As she says, the incidence of council tax falls on the occupier, not the owner. If you have very little wealth but high income, you may rent a Band-H house and end up paying the same council tax as someone with very high wealth and very low income.
In practice, then, council tax is a tax on residency, not on property wealth and certainly not on wealth overall. (Legally, it’s not quite that simple. A lease is still a form of ownership, so it’s not quite the case that non-owners are taxed.)
It may be the case that, at the top end, that doesn’t matter. If we were to introduce the “mansion tax” by adding a new band on top of council tax for properties over £2m, for instance, there would be few renters hit. But even then, there would still be some.
The distinction is important to make, because as the movement for a true mansion tax—or better still, a land value tax—grows, the opposition will try to claim that what we already have is good enough. It isn’t.

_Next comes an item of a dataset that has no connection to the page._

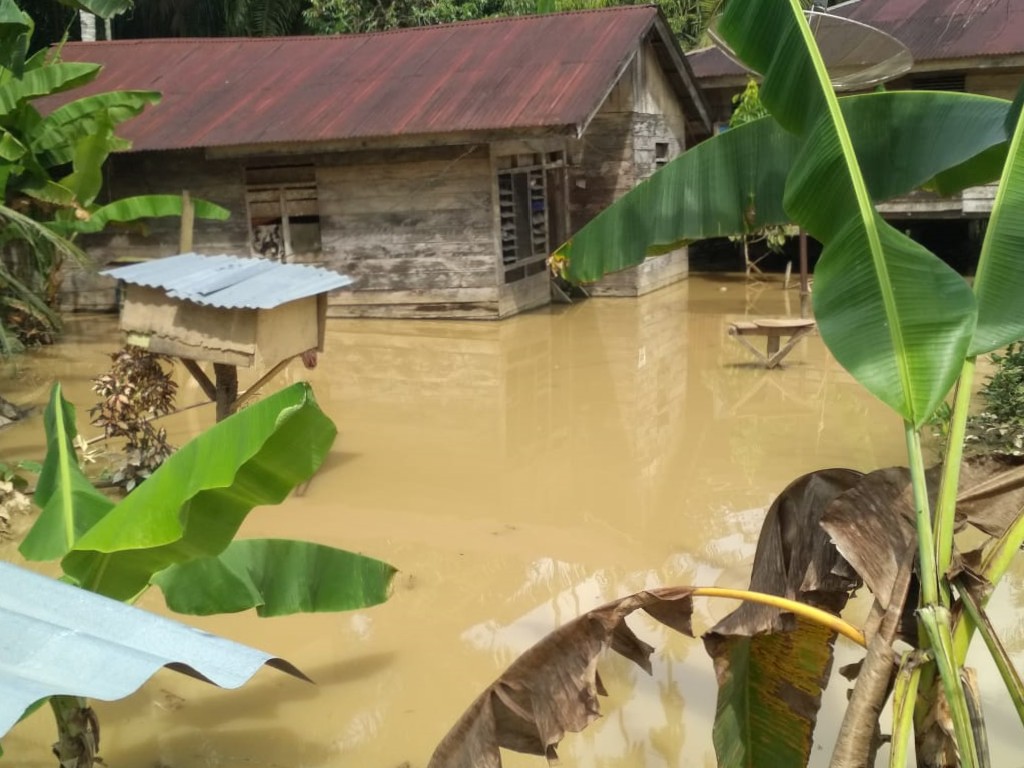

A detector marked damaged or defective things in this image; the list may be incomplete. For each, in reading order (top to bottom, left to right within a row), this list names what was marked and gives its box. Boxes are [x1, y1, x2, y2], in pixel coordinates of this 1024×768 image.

The inequalities in property wealth are astronomical. A chart put together by researcher Andy Whightman makes that astoundingly clear. He writes:
This data was obtained from the Office of National Statistics by Faiza Shaheen of the New Economics Foundation and shows the average net property wealth for each 1% of the income distribution. The top 1% of the population has net property wealth of £15,040,000 whilst the bottom 33% has nothing. The top 1% own more net property wealth than the rest of the 99% combined.
But there’s another way the government could take advantage of the discrepancies in property wealth to earn some income, settle the housing market and reduce inequality. Michael Darrington, former CEO of Greggs, writing in the Telegraph today, suggests a £100bn housebuilding programme funded by quantitative easing. But in focusing on the revenue source, he’s missed the most impressive part of his plan, because he also suggests that:
While there are plenty of suitable sites for building already available, a programme on the scale I envisage would clearly require more.
One way to achieve this would be through the compulsory purchase of farmland at a sensible multiple of its agricultural value—say three or four times—which would give farmers a very good profit but not the lottery-winning values currently ascribed to development land.
But rather than the expensive and illiberal procedure of compulsory purchase, there’s a more radical option available. As Darrington implies, land with planning permission is worth more than land without—a lot more. Frequently well over 20 times as much, in fact. And the institution with the power to convert land without planning permission into land with planning permission is the same one trying desperately to build houses.
In other words, an entire housebuilding program could probably be funded on the difference between the purchase price of agricultural land and the sale price of land with planning permission.
Councils could buy up agricultural land, award themselves planning permission, build houses, and sell some off while keeping the rest for social housing. In fact, such is demand for land with planning permission, they wouldn’t even need to build them; they could just sell the land without houses, but insist that part of the sale price be that some houses built on the land be used for social housing.
In fact, councils wouldn’t even need to buy the land. They could just grant planning permission with the same requirements on more land than they have been now. Because the real bottleneck is there, and not really with housebuilding at all.